Speakers say after mass shootings in Uvalde and even back to Parkland and Columbine, they want to feel safer inside of their schools. People had signs, some reading ‘ban guns not books,’ others saying ‘protect kids not guns,’ all of those people just trying to get their message across.

“I didn’t just figuratively survive high school, I literally made it through alive, and that’s something many Americans can’t say,” one speaker said.

The rally was organized entirely by high school students who are begging for change.

“How do people not see a problem with the fact that 19 students in Uvalde didn’t even graduate elementary school?” an organizer asked the crowd.

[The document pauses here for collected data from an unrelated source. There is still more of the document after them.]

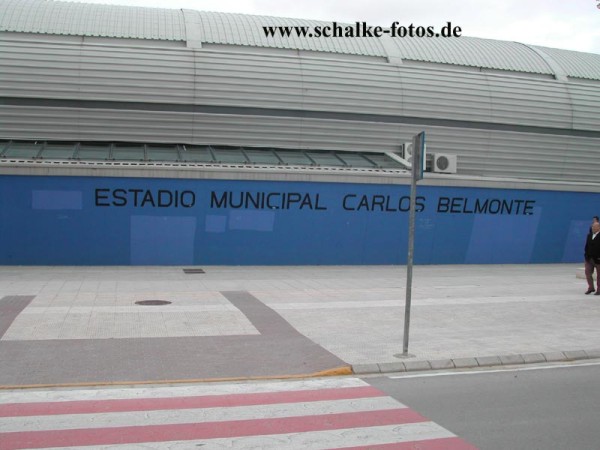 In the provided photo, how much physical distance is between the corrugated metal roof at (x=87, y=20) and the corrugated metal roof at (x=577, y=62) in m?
16.9

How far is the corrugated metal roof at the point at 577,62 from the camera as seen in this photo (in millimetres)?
27500

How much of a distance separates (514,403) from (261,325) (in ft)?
15.8

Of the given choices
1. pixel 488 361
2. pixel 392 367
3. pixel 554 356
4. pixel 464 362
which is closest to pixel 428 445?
pixel 392 367

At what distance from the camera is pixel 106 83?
67.9 feet

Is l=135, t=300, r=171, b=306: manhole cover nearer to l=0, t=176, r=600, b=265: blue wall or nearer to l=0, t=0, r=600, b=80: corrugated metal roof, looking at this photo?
l=0, t=176, r=600, b=265: blue wall

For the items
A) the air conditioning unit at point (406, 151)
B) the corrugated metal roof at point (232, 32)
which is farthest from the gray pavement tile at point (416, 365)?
the corrugated metal roof at point (232, 32)

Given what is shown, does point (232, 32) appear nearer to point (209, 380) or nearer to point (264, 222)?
point (264, 222)

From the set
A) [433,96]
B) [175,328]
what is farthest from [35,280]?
[433,96]

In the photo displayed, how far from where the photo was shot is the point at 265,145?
21750 millimetres

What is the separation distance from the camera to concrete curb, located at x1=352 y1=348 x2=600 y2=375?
8.20 metres

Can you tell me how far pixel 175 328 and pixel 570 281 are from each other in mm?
12666

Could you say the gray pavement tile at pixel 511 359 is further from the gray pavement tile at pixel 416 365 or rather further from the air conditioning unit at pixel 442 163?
the air conditioning unit at pixel 442 163

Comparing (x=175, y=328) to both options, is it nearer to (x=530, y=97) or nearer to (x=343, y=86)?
(x=343, y=86)

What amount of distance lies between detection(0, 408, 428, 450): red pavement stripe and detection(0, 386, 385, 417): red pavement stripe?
0.58 m
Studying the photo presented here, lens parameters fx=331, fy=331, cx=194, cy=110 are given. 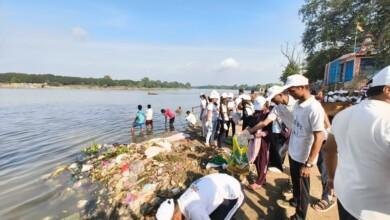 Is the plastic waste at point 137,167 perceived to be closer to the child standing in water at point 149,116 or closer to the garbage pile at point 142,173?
the garbage pile at point 142,173

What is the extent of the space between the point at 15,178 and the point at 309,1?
26.7 meters

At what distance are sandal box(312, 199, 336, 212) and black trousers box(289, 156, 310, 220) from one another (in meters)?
0.75

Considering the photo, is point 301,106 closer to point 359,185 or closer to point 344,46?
point 359,185

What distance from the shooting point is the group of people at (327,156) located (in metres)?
2.01

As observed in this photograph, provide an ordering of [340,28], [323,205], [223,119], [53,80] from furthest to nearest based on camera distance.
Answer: [53,80]
[340,28]
[223,119]
[323,205]

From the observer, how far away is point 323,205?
4570 millimetres

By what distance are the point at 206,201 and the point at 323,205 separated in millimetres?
2193

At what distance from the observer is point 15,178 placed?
998cm

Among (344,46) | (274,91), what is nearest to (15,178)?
(274,91)

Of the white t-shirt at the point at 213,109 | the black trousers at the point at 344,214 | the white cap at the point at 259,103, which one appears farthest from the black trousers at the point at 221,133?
the black trousers at the point at 344,214

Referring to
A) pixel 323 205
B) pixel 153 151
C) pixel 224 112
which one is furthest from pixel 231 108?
pixel 323 205

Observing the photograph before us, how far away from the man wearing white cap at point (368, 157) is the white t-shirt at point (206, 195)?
4.03 ft

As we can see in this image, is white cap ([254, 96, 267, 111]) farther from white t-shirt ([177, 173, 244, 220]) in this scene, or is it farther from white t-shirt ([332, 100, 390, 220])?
white t-shirt ([332, 100, 390, 220])

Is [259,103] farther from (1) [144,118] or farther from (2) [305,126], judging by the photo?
(1) [144,118] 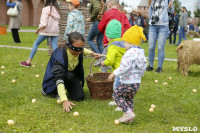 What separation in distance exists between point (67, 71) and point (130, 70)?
1480mm

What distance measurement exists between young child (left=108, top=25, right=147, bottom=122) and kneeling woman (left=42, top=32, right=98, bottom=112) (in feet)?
2.88

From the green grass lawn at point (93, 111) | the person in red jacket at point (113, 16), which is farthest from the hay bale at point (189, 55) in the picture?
the person in red jacket at point (113, 16)

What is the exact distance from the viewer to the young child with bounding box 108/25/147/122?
3.27 meters

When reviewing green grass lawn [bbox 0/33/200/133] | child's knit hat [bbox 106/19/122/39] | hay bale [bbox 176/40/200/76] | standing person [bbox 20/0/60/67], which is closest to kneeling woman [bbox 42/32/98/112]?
green grass lawn [bbox 0/33/200/133]

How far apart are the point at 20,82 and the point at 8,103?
1.45 m

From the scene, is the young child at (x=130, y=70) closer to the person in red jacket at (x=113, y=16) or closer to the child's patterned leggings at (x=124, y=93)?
the child's patterned leggings at (x=124, y=93)

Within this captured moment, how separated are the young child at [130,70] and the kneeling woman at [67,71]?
0.88 meters

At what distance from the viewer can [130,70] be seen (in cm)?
333

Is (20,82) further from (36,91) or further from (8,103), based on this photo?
(8,103)

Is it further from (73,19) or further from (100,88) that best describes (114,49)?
(73,19)

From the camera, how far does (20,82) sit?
5.49 m

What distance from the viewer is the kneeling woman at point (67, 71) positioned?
13.0ft

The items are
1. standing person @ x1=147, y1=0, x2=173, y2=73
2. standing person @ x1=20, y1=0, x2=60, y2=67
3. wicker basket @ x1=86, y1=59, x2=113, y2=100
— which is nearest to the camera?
wicker basket @ x1=86, y1=59, x2=113, y2=100

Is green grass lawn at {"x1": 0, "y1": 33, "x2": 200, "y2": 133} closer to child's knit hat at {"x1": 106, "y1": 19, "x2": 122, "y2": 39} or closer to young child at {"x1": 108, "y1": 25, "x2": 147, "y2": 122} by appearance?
young child at {"x1": 108, "y1": 25, "x2": 147, "y2": 122} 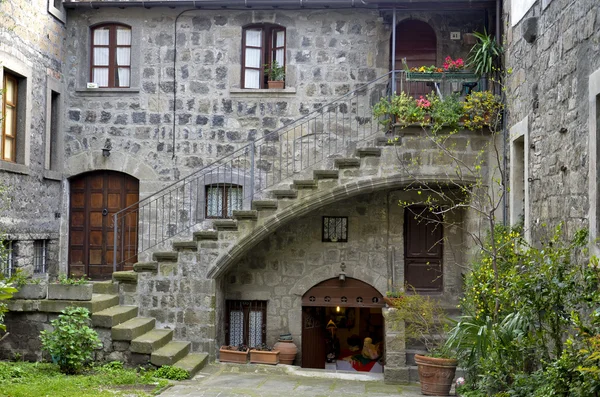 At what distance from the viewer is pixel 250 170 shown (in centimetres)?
1255

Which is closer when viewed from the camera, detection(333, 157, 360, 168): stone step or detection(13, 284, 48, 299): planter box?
detection(13, 284, 48, 299): planter box

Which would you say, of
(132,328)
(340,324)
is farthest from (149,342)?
(340,324)

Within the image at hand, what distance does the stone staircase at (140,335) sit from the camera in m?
10.3

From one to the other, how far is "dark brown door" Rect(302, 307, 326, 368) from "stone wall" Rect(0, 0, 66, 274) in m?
4.37

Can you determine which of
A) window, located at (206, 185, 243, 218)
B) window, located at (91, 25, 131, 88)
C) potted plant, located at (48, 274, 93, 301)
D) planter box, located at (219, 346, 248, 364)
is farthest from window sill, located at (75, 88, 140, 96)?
planter box, located at (219, 346, 248, 364)

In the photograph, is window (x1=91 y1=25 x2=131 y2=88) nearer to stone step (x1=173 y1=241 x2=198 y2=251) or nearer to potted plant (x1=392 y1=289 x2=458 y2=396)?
stone step (x1=173 y1=241 x2=198 y2=251)

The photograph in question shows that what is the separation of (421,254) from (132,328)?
5050 mm

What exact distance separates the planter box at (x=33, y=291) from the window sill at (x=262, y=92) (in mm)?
4463

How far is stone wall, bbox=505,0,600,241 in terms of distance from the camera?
686 cm

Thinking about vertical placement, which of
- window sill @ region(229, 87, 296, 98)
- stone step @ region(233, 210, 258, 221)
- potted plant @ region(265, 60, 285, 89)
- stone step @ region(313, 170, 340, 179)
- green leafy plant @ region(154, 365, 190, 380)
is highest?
potted plant @ region(265, 60, 285, 89)

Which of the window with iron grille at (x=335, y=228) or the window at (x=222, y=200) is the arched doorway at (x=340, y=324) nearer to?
the window with iron grille at (x=335, y=228)

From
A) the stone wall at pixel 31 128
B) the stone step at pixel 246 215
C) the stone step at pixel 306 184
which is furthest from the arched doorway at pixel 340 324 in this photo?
the stone wall at pixel 31 128

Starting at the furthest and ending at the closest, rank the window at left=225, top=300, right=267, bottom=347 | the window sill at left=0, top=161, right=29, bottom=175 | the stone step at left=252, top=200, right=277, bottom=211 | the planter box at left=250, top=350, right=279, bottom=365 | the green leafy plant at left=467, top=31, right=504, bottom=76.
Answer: the window at left=225, top=300, right=267, bottom=347 < the planter box at left=250, top=350, right=279, bottom=365 < the stone step at left=252, top=200, right=277, bottom=211 < the green leafy plant at left=467, top=31, right=504, bottom=76 < the window sill at left=0, top=161, right=29, bottom=175

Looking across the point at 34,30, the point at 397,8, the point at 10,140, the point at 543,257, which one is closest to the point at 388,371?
the point at 543,257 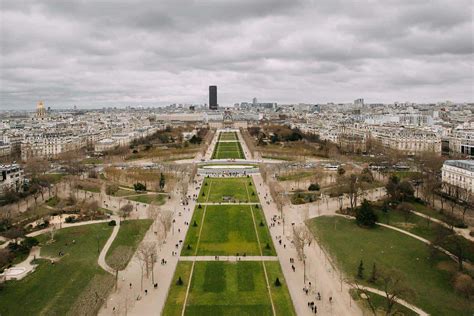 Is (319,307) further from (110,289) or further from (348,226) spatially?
(348,226)

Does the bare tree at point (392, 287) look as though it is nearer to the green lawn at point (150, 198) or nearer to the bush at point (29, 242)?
the bush at point (29, 242)

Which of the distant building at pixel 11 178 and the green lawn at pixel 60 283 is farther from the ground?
the distant building at pixel 11 178

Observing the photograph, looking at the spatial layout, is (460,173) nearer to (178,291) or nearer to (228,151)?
(178,291)

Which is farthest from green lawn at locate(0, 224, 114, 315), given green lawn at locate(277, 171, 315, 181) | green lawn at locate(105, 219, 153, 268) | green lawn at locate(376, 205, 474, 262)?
green lawn at locate(277, 171, 315, 181)

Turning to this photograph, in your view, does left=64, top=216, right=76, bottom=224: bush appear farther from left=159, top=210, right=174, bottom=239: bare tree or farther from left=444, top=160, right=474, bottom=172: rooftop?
left=444, top=160, right=474, bottom=172: rooftop

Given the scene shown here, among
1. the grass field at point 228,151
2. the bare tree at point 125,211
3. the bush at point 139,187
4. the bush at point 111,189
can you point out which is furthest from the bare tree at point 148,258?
the grass field at point 228,151

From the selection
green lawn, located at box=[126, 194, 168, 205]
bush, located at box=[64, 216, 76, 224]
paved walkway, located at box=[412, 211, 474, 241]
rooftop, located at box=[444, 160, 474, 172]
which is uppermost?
rooftop, located at box=[444, 160, 474, 172] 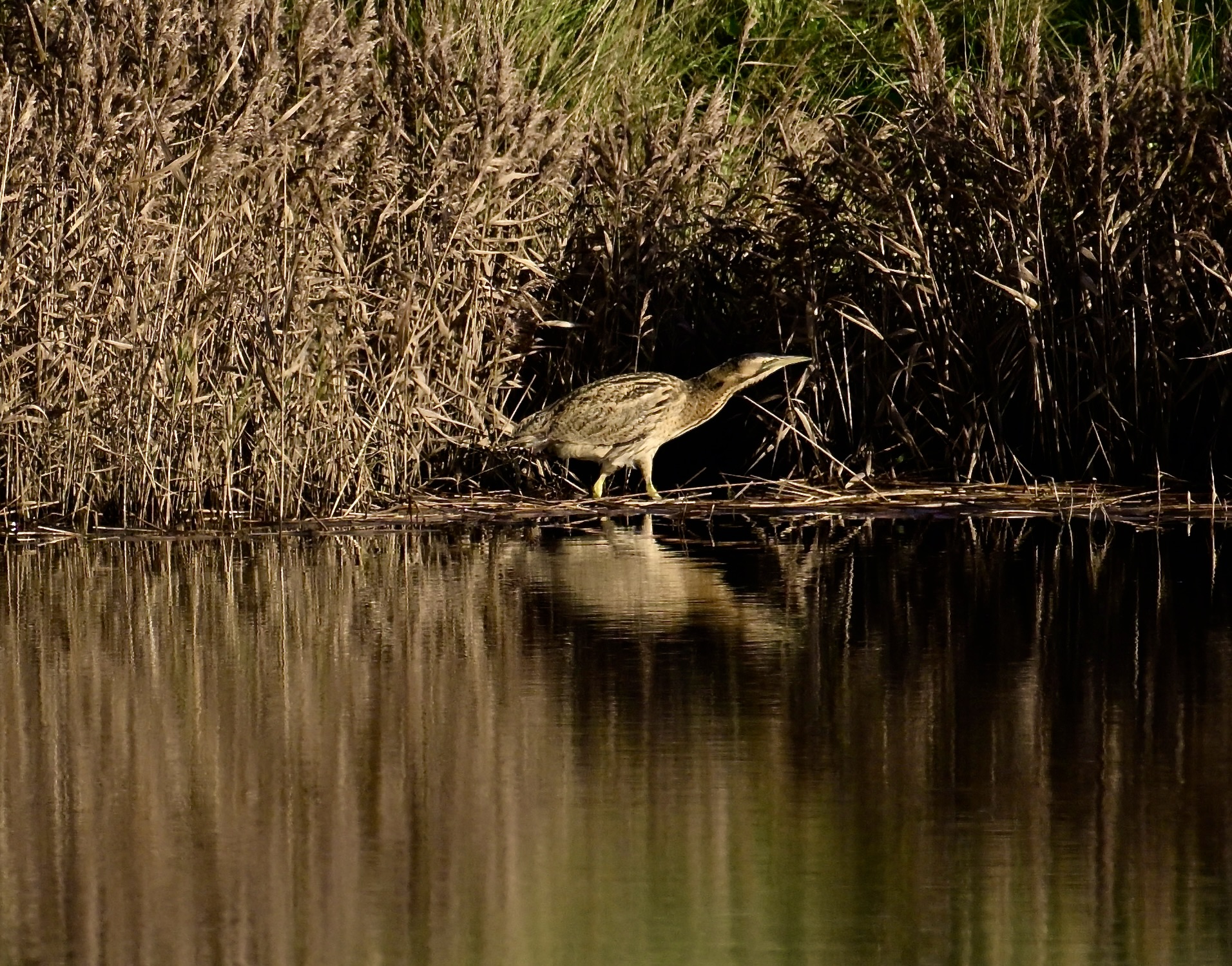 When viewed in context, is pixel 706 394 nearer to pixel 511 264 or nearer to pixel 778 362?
pixel 778 362

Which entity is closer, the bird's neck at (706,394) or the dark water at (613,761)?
the dark water at (613,761)

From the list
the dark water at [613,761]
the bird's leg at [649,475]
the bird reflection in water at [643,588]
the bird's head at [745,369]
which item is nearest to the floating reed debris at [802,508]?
the bird's leg at [649,475]

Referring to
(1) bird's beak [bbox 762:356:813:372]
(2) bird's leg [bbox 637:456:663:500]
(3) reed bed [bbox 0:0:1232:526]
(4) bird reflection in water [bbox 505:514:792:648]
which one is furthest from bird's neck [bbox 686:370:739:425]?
(4) bird reflection in water [bbox 505:514:792:648]

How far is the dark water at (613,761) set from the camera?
13.6 ft

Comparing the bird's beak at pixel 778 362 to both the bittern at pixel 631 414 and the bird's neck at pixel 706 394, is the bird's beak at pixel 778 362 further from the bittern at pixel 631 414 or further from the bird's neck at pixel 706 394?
the bird's neck at pixel 706 394

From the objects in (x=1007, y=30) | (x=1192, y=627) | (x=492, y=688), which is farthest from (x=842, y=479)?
(x=1007, y=30)

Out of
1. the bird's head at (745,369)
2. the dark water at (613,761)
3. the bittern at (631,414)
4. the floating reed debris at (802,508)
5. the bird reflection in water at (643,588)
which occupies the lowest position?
the dark water at (613,761)

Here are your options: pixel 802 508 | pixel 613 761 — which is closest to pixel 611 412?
pixel 802 508

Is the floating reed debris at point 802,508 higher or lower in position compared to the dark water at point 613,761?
higher

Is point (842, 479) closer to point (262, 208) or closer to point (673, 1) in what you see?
point (262, 208)

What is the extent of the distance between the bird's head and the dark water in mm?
2056

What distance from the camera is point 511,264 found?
1100 cm

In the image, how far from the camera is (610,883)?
4.37 m

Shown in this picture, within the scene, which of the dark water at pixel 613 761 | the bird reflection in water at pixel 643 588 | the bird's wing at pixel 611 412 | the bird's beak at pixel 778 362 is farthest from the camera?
the bird's beak at pixel 778 362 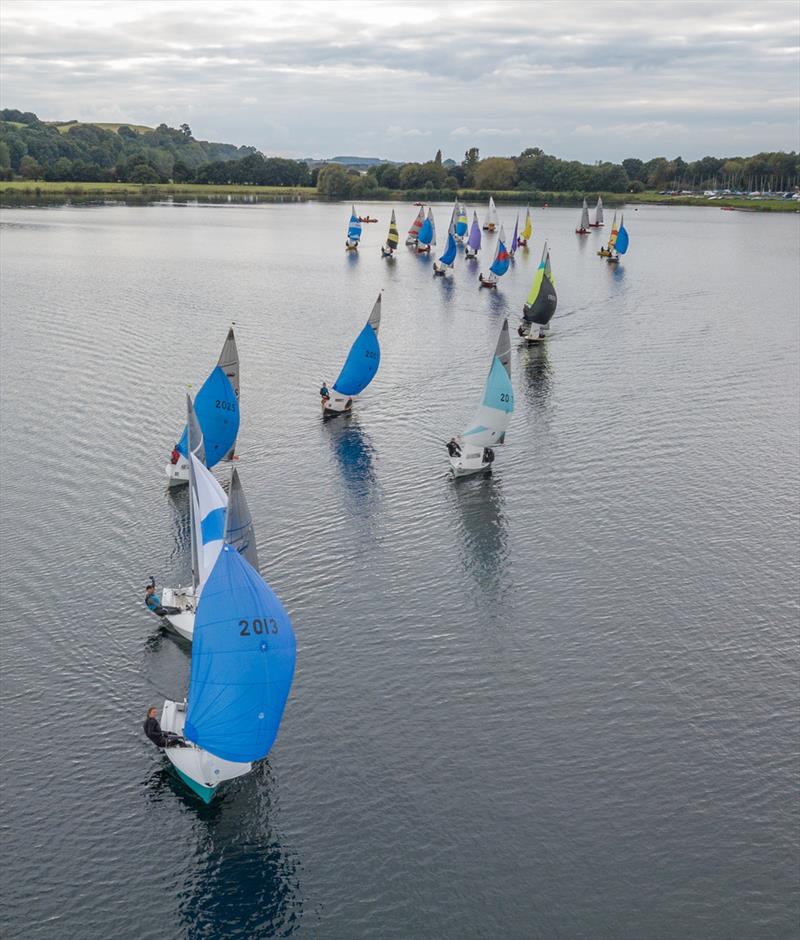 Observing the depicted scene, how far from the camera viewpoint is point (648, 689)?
4506 cm

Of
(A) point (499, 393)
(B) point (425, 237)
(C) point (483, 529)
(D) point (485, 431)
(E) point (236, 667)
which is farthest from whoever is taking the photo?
(B) point (425, 237)

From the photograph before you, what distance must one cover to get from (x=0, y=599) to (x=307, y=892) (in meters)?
24.7

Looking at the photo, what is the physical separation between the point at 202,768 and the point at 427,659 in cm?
1338

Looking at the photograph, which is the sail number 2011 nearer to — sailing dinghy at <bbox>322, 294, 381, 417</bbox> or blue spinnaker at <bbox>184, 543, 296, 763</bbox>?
blue spinnaker at <bbox>184, 543, 296, 763</bbox>

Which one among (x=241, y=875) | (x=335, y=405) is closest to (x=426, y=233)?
(x=335, y=405)

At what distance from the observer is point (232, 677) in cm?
3594

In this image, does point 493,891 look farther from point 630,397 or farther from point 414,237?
point 414,237

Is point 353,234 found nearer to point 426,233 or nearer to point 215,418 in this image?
point 426,233

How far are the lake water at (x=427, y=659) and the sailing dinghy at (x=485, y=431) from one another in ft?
5.30

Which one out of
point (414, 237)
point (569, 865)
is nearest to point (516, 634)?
point (569, 865)

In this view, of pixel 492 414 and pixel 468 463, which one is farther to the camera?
pixel 492 414

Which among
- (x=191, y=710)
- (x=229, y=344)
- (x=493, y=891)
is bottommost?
(x=493, y=891)

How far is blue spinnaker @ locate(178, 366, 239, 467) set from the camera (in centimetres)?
6431

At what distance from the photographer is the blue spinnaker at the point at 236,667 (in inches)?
1415
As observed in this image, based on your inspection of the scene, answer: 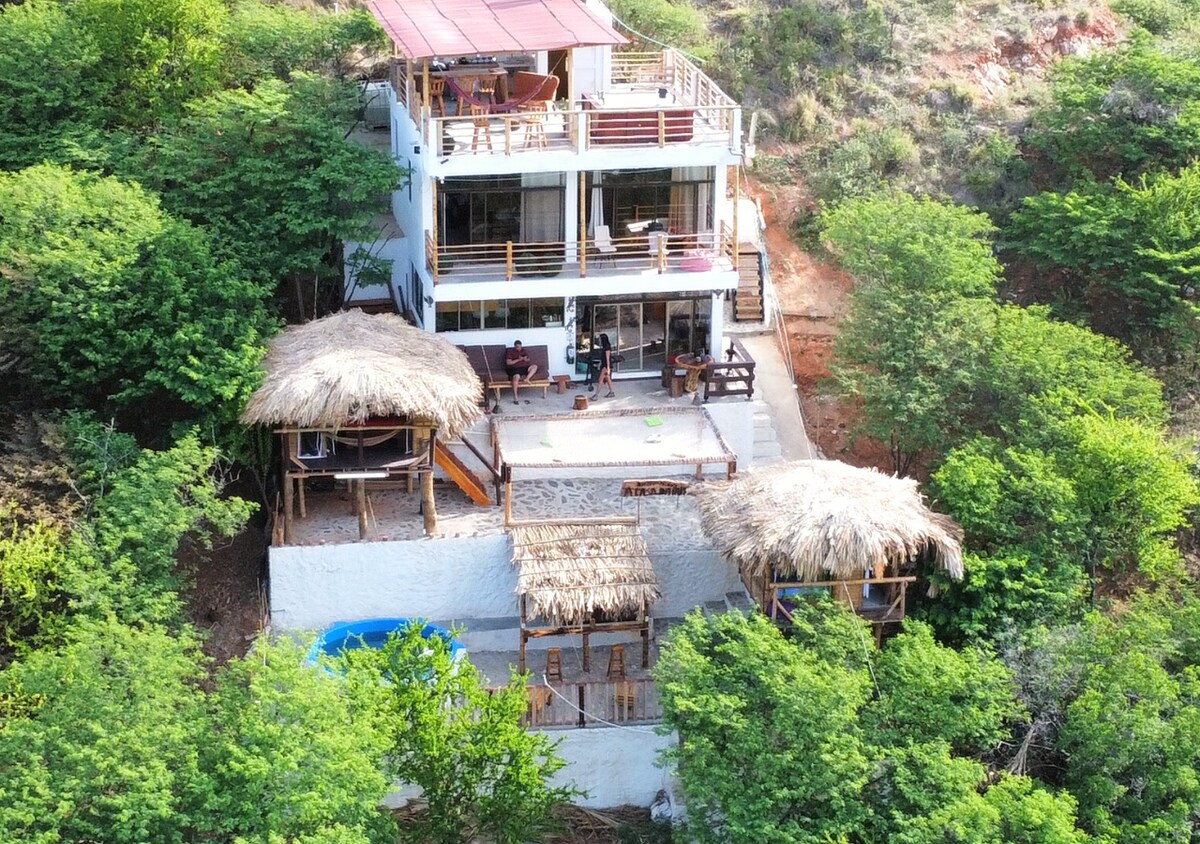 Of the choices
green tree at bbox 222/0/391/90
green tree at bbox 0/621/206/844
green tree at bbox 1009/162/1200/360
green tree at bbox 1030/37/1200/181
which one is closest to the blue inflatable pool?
green tree at bbox 0/621/206/844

Many speakers said the obligation to protect their own lives inside of school has now fallen on teenagers, who are often seen as too young to understand gun law complexities.

“If we are old enough to practice lockdown drills, we are old enough to make change,” one speaker said.

Parents at the rally say they just want a safer future for their kids.

“I think there’s a lot we could be doing to protect our kids and our families, and it’s hard for me to look at these guys in the eyes and tell them we’re doing everything to keep them safe when our country chooses to do anything other than protect guns,” Brian Eichner, who came with his young children, said.

One sign in the crowd reading in a child’s handwriting, ‘If my puppies can’t come to school, why can guns?’ showing that even the youngest generations want change.

“Like no guns,” fifth grader Becca Yaiek-Eichner said.

Organizers say they’re fighting for change now so future generations don’t normalize mass shootings or students dying in schools.

“My generation has been given the nickname ‘the lockdown generation,’ and I swear it ends with us,” a speaker said.

Many students pointed out that they have either recently or will soon turn 18, and they say they’re eager to take their concerns to the ballot box and vote.